Still, the WaPo reported that he had a slight limp as he was running to first on a 3-1 putout.

8) Will We Be Saying "Livan and Nasty, Then Pray For Something That Rhymes With Nasty?"
I even wrote that question before Lawrence went down.
Ortiz:    6.08 ERA; 4.9 K/9;  3.4 BB/9;  1.5 HR/9
Astacio: 10.50 ERA; 2.3 K/9; 3.8 BB/9; 0.8 HR/9
Armas: 7.36 ERA; 6.5 K/9; 4.9 BB/9; 0.8 HR/9

Small sample size caveats apply, of course. Still, that's dreck.

If/When Ortiz and Astacio flame out, Jon Rauch is available to step in, as are Billy Traber and Steve Watkins, who were both dominant this spring.

Traber seems like the more intersting player. A former first-round draft pick, Traber put up some decent years in the minors before having to have Tommy John surgery. 2005 was his first year back, and he pitched with mixed results. If he's healed, and he can build on the gains he made this spring, this could be Jim Bowden's finest signing. But let's not get ahead of ourselves. (STATS)

Then there's my personal favorite, Ryan Drese. He's still working his way back from his torn labrum, but should be ready in a month or so.

Although things look shaky now, if Jim Bowden doesn't mind shaking things up, there's plenty of depth here for him to squander away.

9) Who winds up in the pen?
If there's a bright side to Luis Ayala's injury, it's that it freed up a roster spot in the pen. And like with the starters, Bill Bray, Jason Bergmann, and some other scrubs make a capable reserve corps in New Orleans.

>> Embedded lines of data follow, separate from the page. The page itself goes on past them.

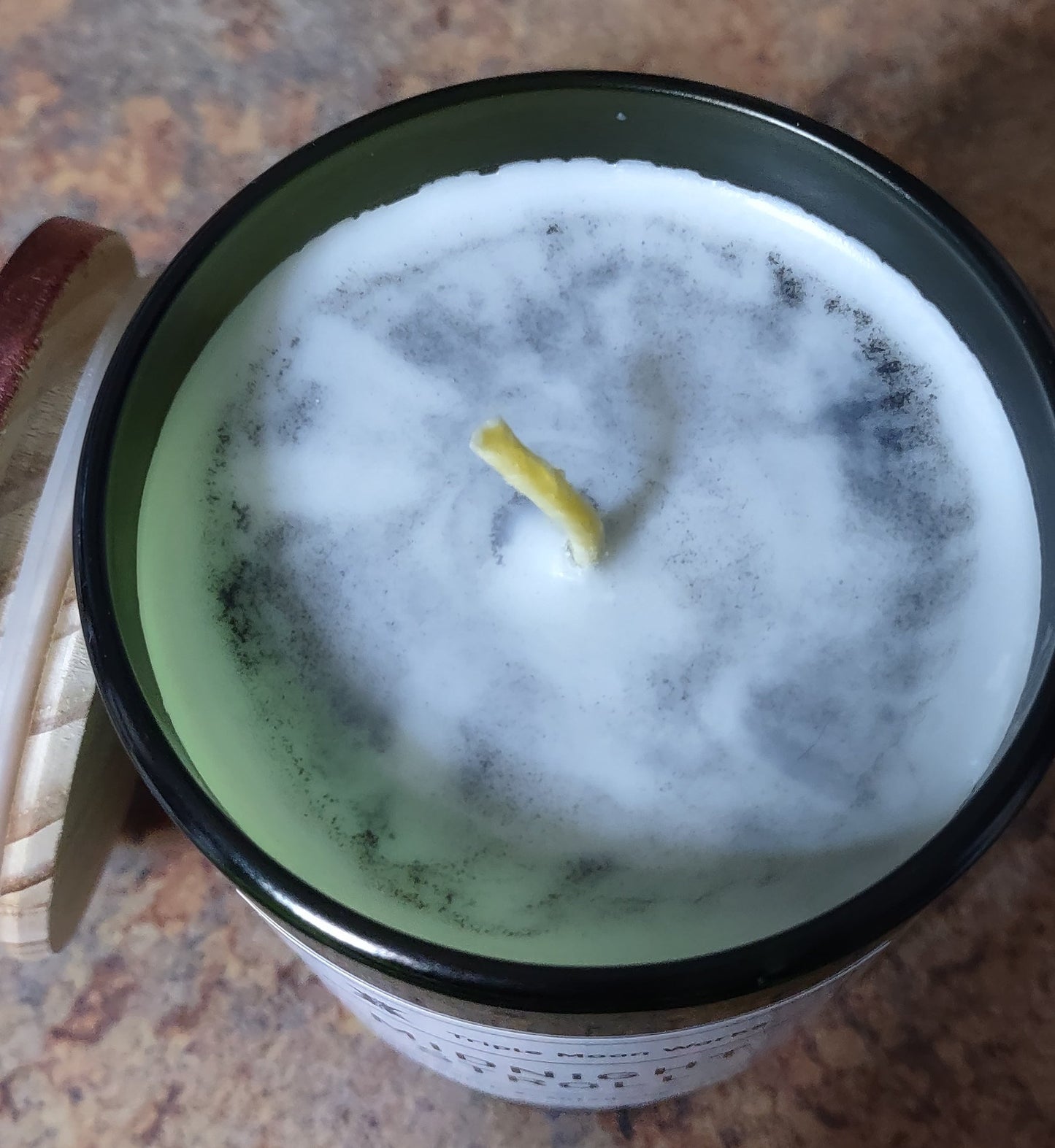 Midnight Stroll Soy Candle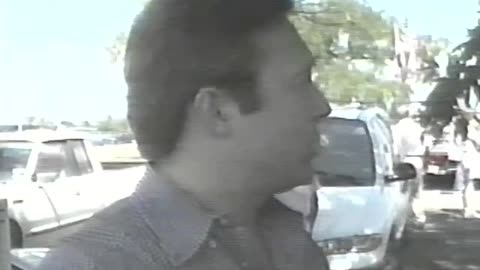 ALEX ON WACO 1998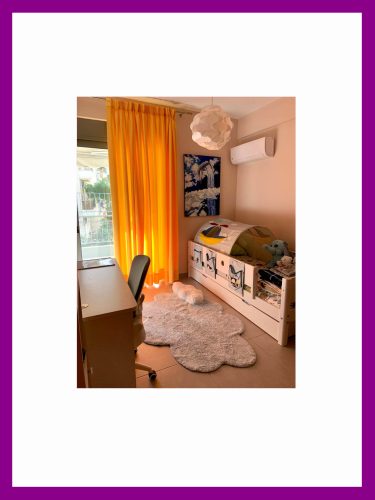 διακοσμηση παιδικου δωματιου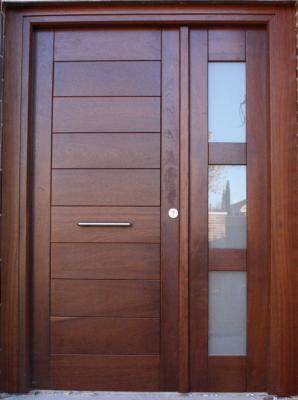 PUERTA DE ENTRADA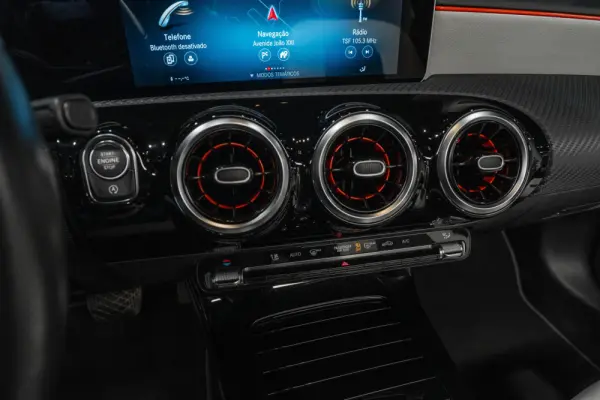Mercedes-Benz 180 d Auto 15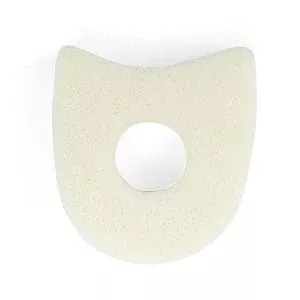 Medline C-26 SOFT CORN PADS - CORN PAD, WHITE FOAM, C-26, 1/4", 100/PK - 26300IP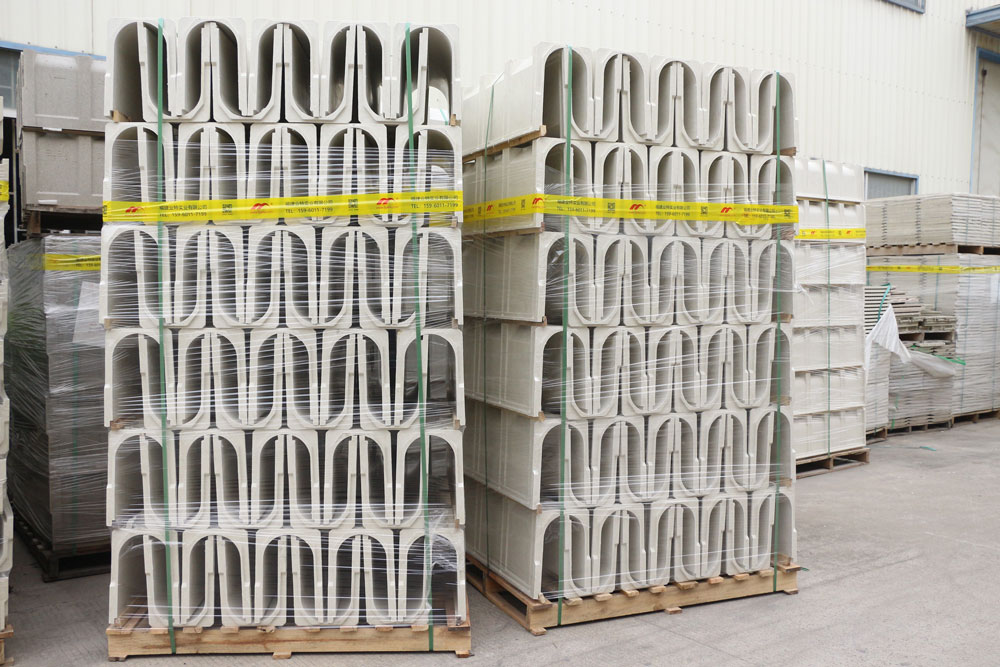 树脂混凝土排水沟厂家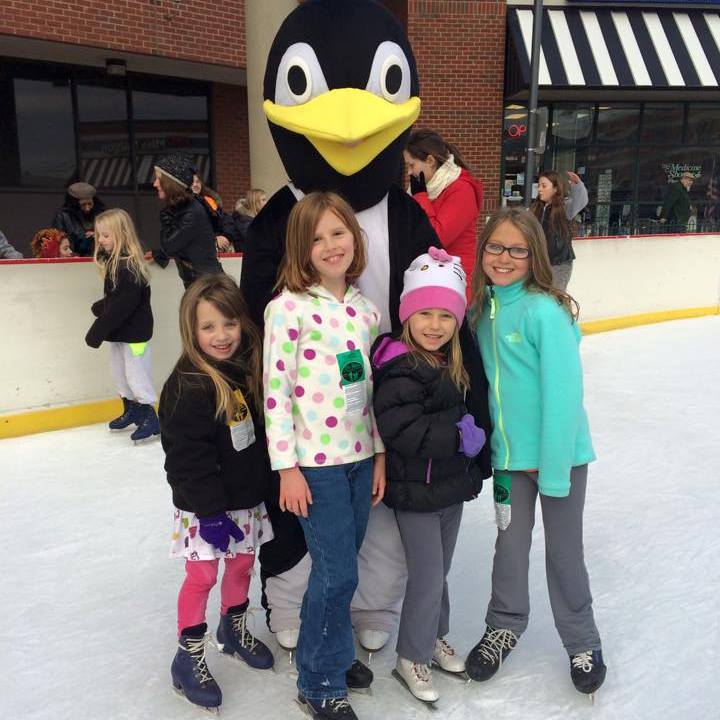 Glen Burnie Ice Rink Ice Skating Rinks in Glen Burnie MD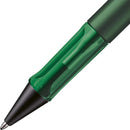 Lamy AL-Star Aluminum Ballpoint Pen, Pine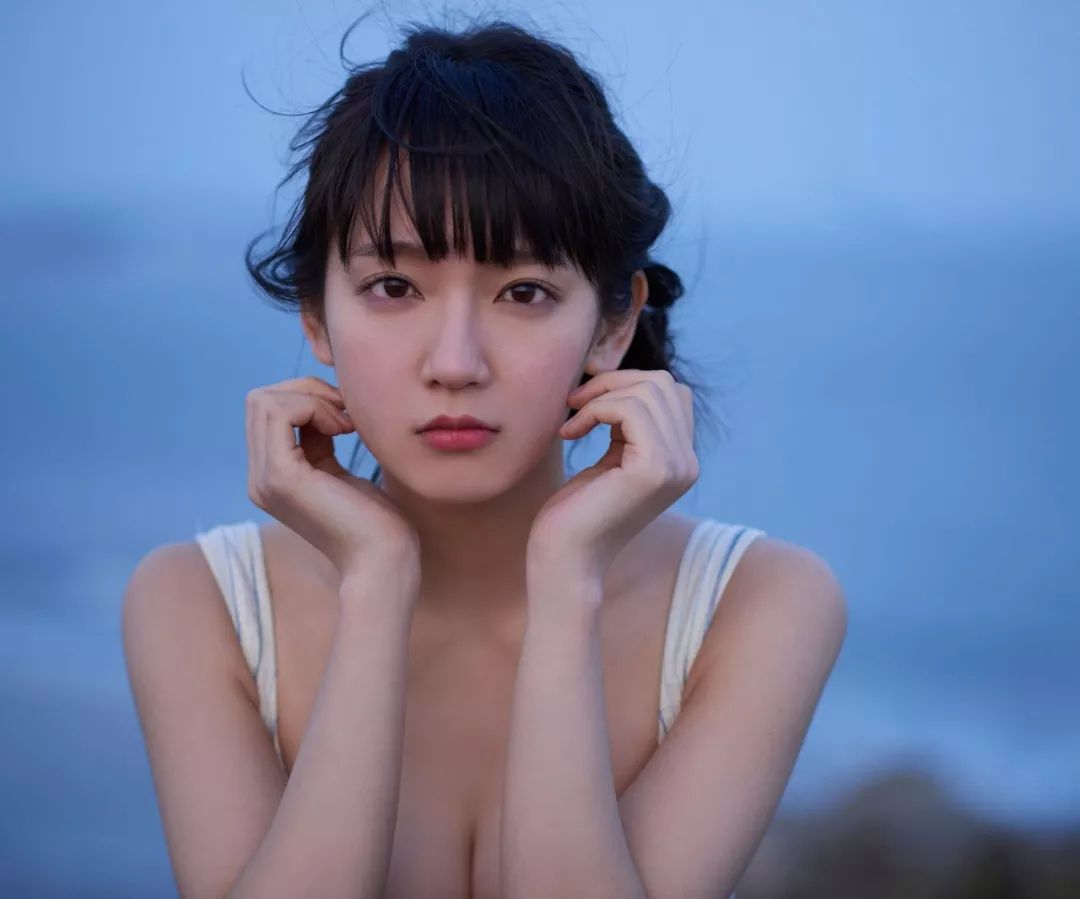 吉岡里帆 「ロングロングバケーション」(Kindle)  第43张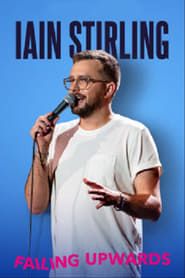 Iain Stirling Failing Upwards series tv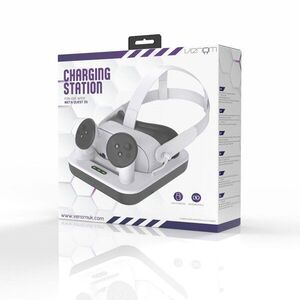 Venom VS4213 Meta Quest 3S Charging Station kép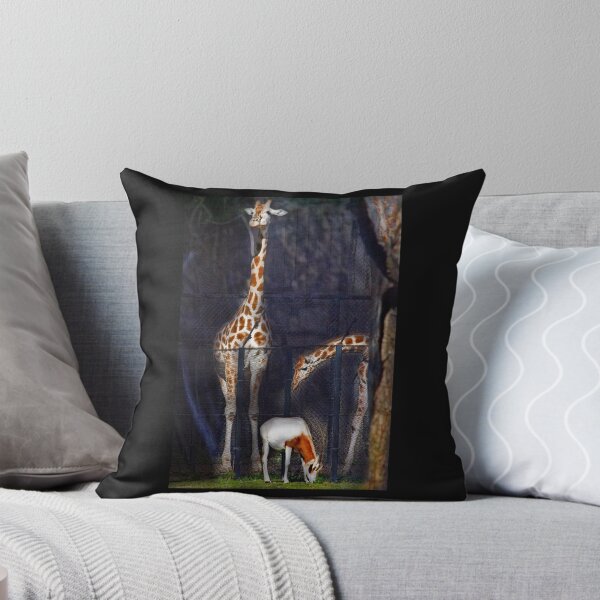 Item preview, Hi There Oryx designed and sold by miroslava.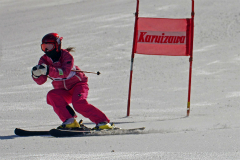 第52回東京都百貨店スキー大会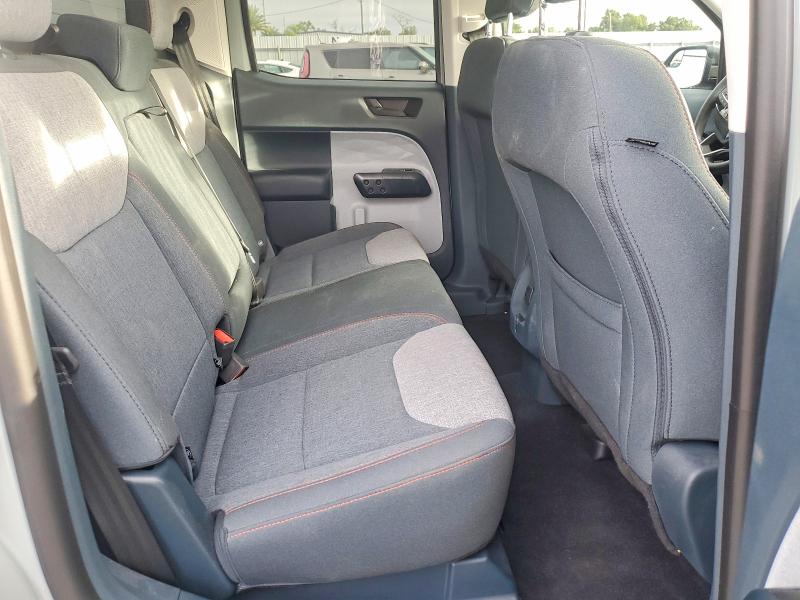 Photo 10 from auction – 2024 FORD MAVERICK with VIN 3FTTW8H38RRB67583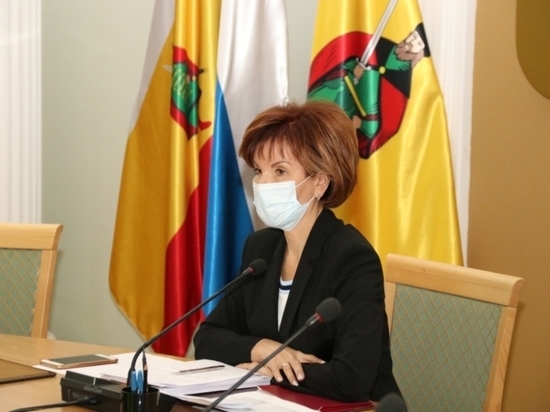 Галина Трушина заявила о важности программы развития городских окраин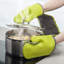 Silicone Double Oven Gloves-33493748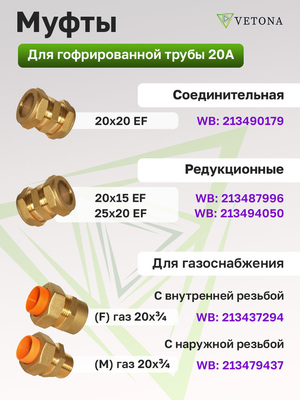 Диаметр трубы 20 мм Vetona Труба 20А, отожженная, 50м фото #11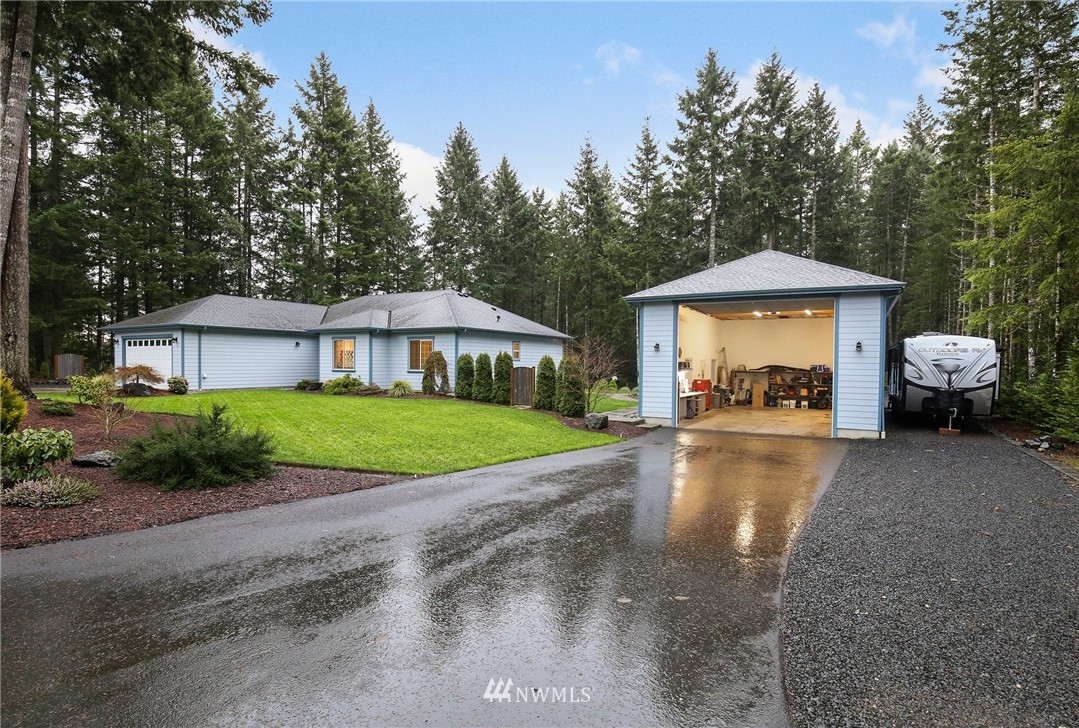362 Southwest Ragle Court Port Orchard, WA 98367 - Photo 33 of 33 Gallery Image 33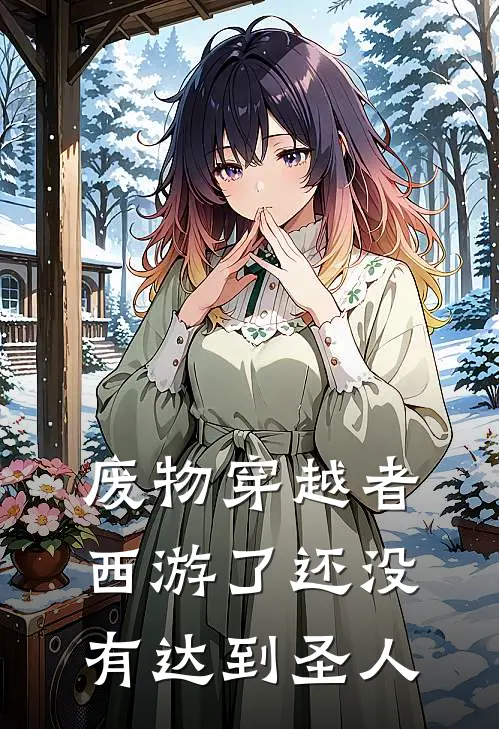 废物穿越者西游了还没有达到圣人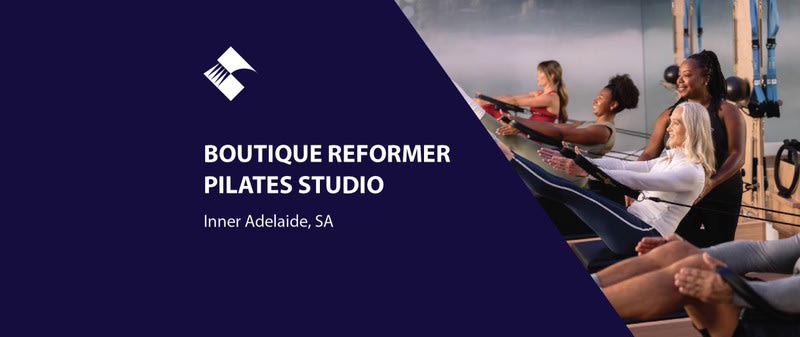 Boutique Reformer Pilates Studio (inner Adelaide, Sa) Bfb1335 Boutique Reformer Pilates Studio (inner Adelaide, Sa) Bfb1335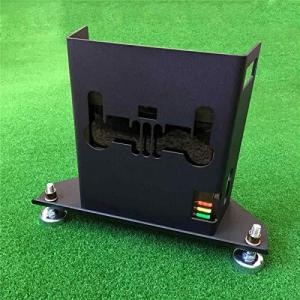 Skytrak Metal Protective Case for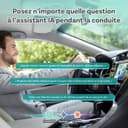 Ottocast Mini Pico 2026 Wireless CarPlay & Android Auto Adapter, WiFi 6 & Bluetooth 5.4, Mini Plug & Play USB Dongle, Wired to Wireless, Auto Reconnect, OTA Upgrade - 3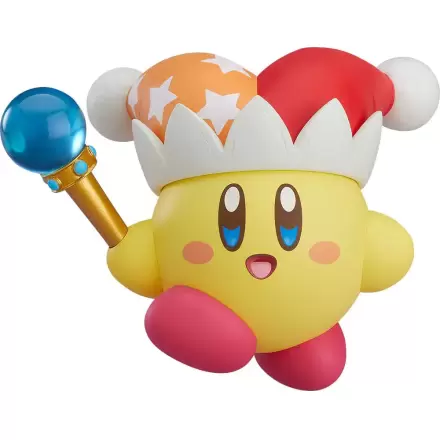 Kirby Nendoroid Action Figure Beam Kirby 6 cm (re-run) termékfotója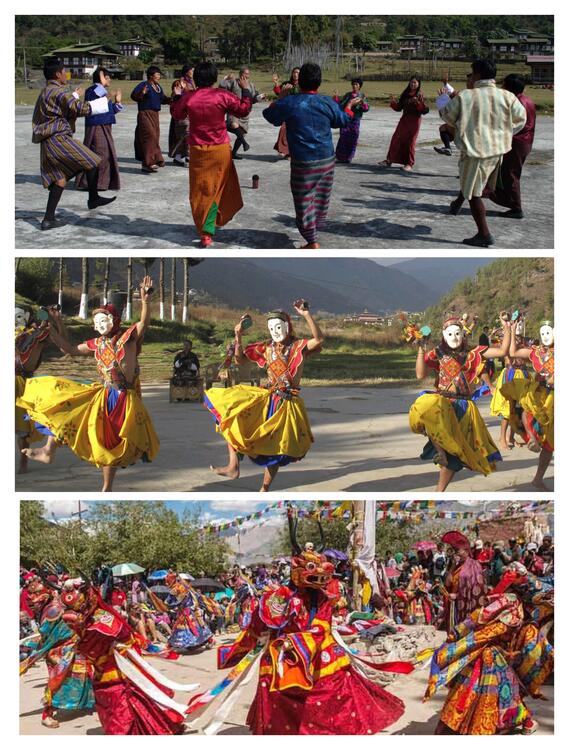 གཞལམ་སྒང་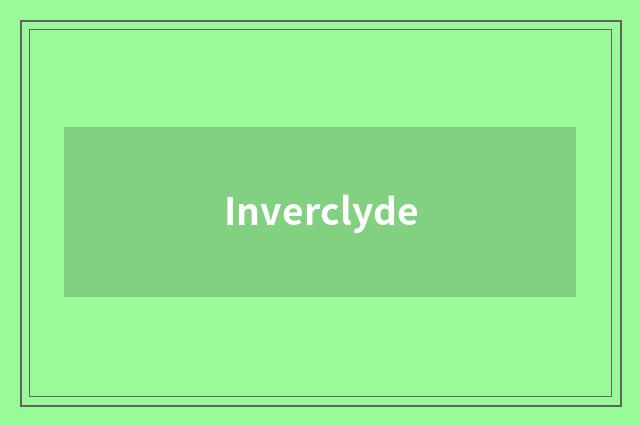 Inverclyde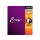 Гитарные струны Elixir ELIXIR Strings 16052 Набор из 6 струн для фолк-акустической гитары Elixir производства США mini 1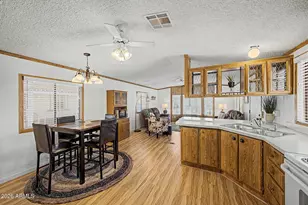 9828 E Pueblo Ave, Mesa, AZ 85208 - Photo 3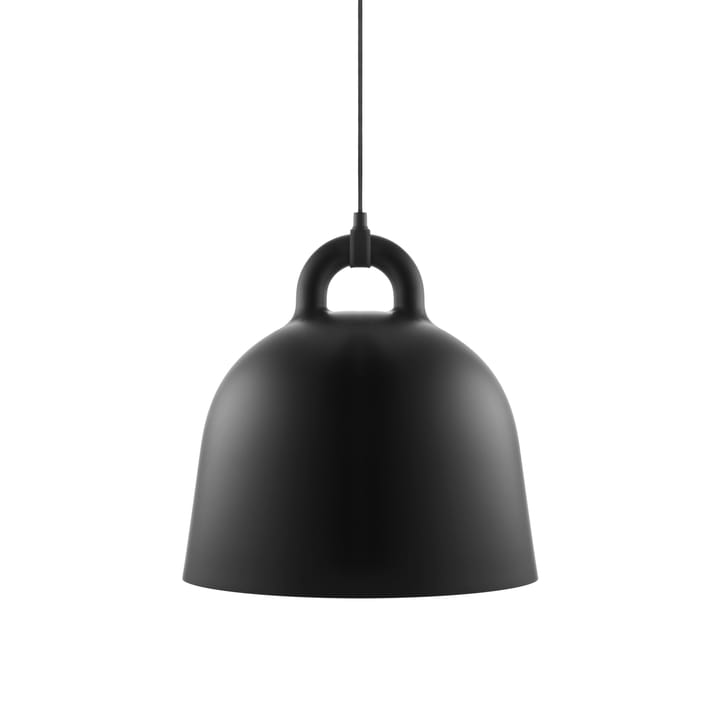 Bell lamp black - Medium - Normann Copenhagen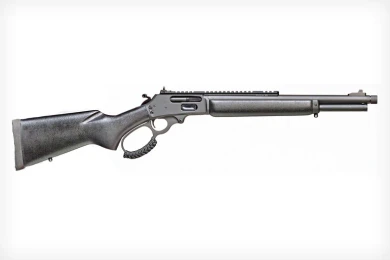 Marlin 1895bl Dark 45-70 6 Shot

10) How Important Are The Stats?
Very important if you're Ryan Church!

Here's what I said: Not very. Spring Training stats are dangerously misused. Batters don't come to the plate too much in the thirty or so games they play, and they're not always facing the best pitchers or fielders. Spring training is more about scouting than stats. The team's personnel need to look and see how a hitter is doing. Is he making hard contact, hitting line drives that are being caught? Has he lucked out with a few bloop singles? Unforunately, those are things that aren't really clear from the box scores. We have, at best, an incomplete picture. At worst, a misleading one.

I stand by that. And perhaps there was something to that with Church. While it's frustrating to hear the team rip something as stupid as 'body language' as a reason for his demotion, it's possible that that's a code for something else. This is the kind of thing that, if they had more space, I'd expect the beat writers to cover. As it is, they usually only have enough room for the basic storylines/notebook updates. Alas.

The other advice I gave in last months' posting is especially appropriate considering the crappy quality of play: "Most importantly, don't worry about wins and losses. They never reflect how a team will actually do."

We can only hope so. All I know is that the ledger is wiped clean. And when Brandon Watson steps into the box against Tom Glavine on Monday afternoon, we're back in first place, if only for three hours.